_Directions_
Text only, exactly as given: reproduce the entries below without their pictures.

Dataset excerpts:
■ ■ ■ ■ ■ ■ ■

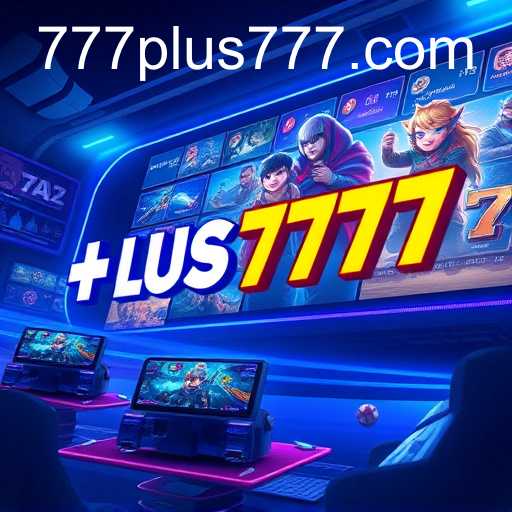 The Rise of Plus777: Revolutionizing Online Gaming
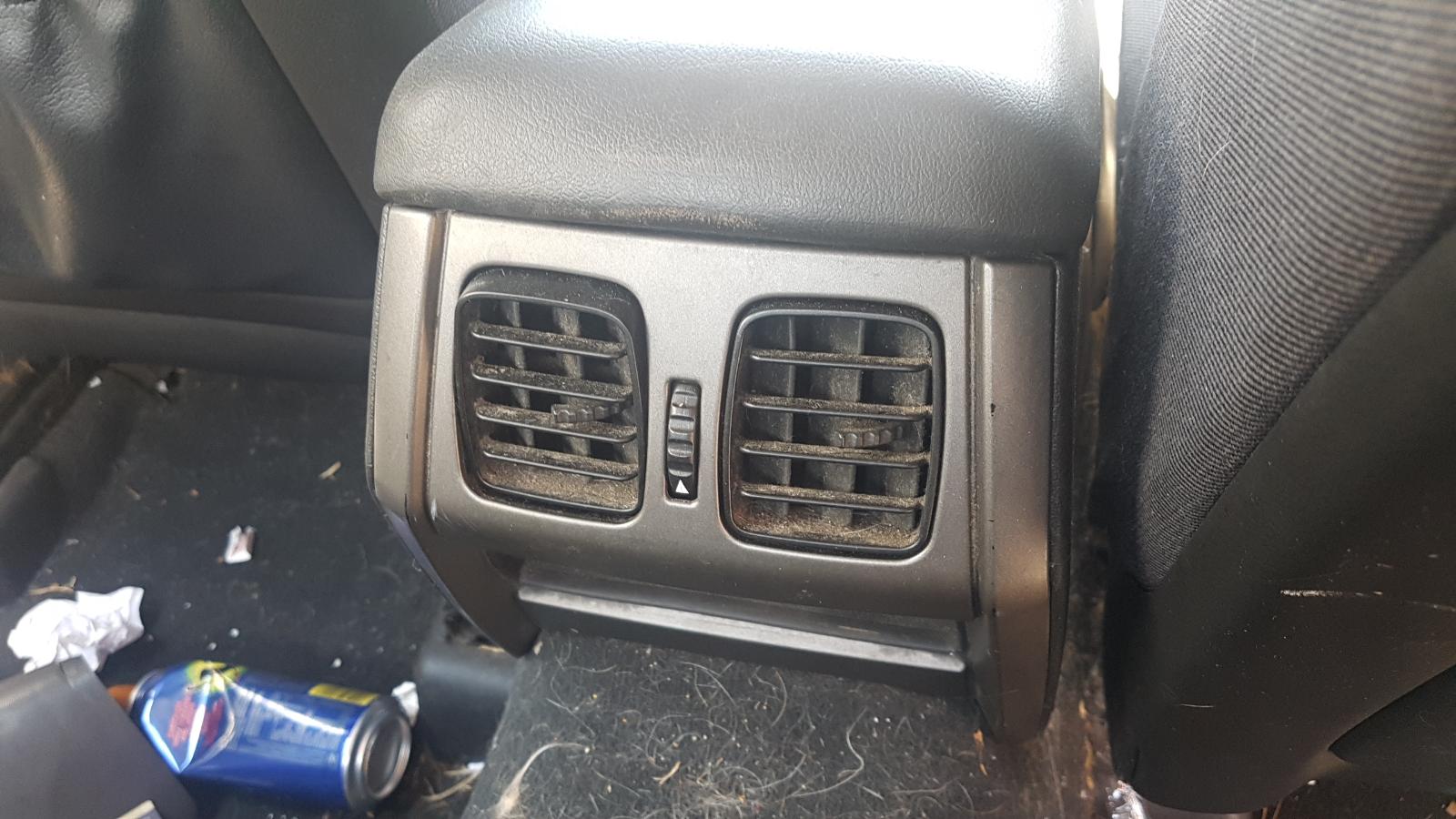 Holden Commodore - VY  2002-2004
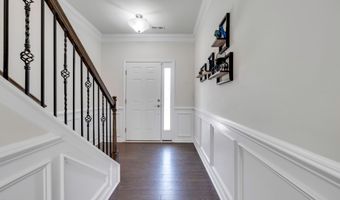 424 Brook Pine Trl, Apex, NC 27523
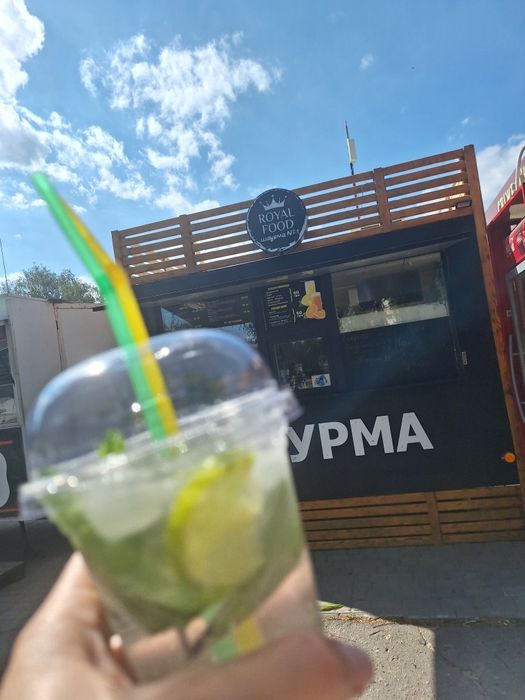 Продаж Готовий бізнес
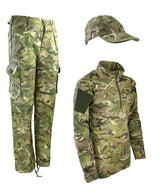 Kombat UK Kids Trooper Set - BTP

■ ■ ■ ■ ■ ■ ■

_Expected answer_
 The Rise of Plus777: Revolutionizing Online Gaming
 Holden Commodore - VY  2002-2004
 424 Brook Pine Trl, Apex, NC 27523
 Продаж Готовий бізнес
 Kombat UK Kids Trooper Set - BTP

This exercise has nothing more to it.